El siglo XX se mostraba ante el
mundo como el símbolo del idilio, pero fue todo lo contrario; el progreso
material no estuvo acompañado de enriquecimiento espiritual, tuvimos las
guerras más mortíferas y de mayor alcance geográfico gracias a los avances en
la técnica para matar y destruir. Alcanzaron
su plenitud nefastas teorías políticas y filosóficas, puestas en práctica con
los falsos “ismos” de la barbarie fascista, comunista y nacionalista, que aun
soporta la humanidad, aunque de forma más matizada.

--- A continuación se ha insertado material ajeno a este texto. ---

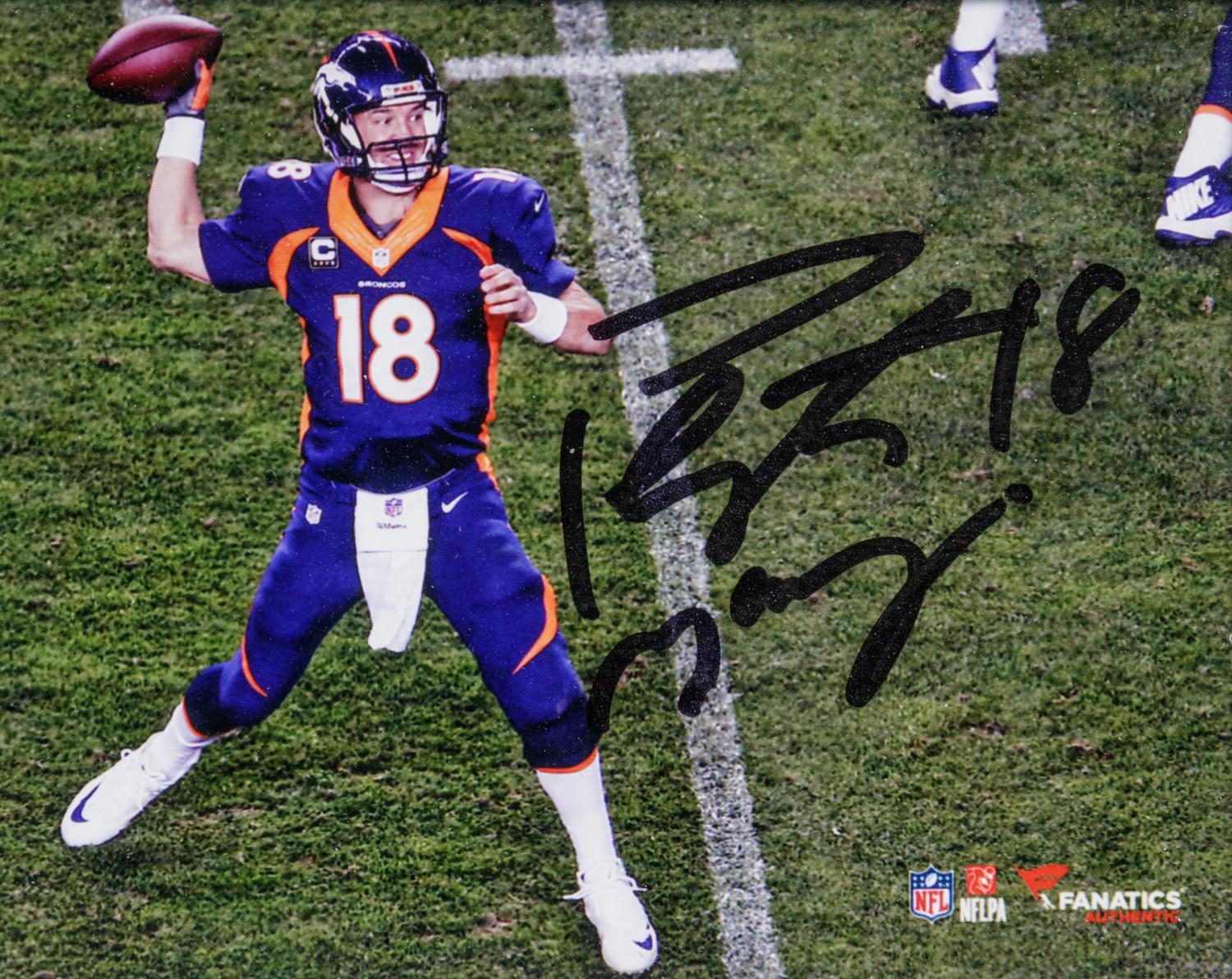 A Peyton Manning Signed Photograph and Game Used Football Fragment (Fanatics Authentic),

El hombre occidental, escudado en
el convincente argumento de la razón, había culminado un proceso, que algunos
afirman, empieza con Nicolás Maquiavelo. Y podríamos decir, que todavía sigue,
no piensa detenerse. Después de la vergüenza que significó la primera y segunda
guerra mundial, ha habido más de 200 guerras no declaradas con un saldo mayor a
40 millones de muertos, cifra que aumenta día a día vertiginosamente. Nuestros
“racionales” Estados siguen derrochando dinero en armamento, en ejército, pero
no en alfabetizar, en saciar el hambre, en investigar, investigación para el
bien, no para seguir humillando y deshumanizando a la persona.
Los organismos internacionales siguen
siendo los legalizadores de sistemáticos abusos contra la dignidad humana,
actuando mal y tarde sobre asuntos que requieren celeridad. La “paz armada”
sigue siendo un concepto clave para el actuar de los Estados; es la misma
herramienta que desde hace décadas se usa para someter a la humanidad entera en
la angustia y el temor de un posible conflicto nuclear, y quisiera no recordar
que nuestros estadistas son bien parecidos a los del siglo pasado, porque eso
significa el augurio de lo indeseado.
Estamos pagando el precio de
habernos despojado de toda moralidad y de haber caído en el relativismo.
Evidentemente, eso parecía ser lo más racional y práctico; pero no, nos terminó
condenando a vivir prisioneros de la irracionalidad, de la incertidumbre y de
innumerables oxímoros como el de la “paz armada”.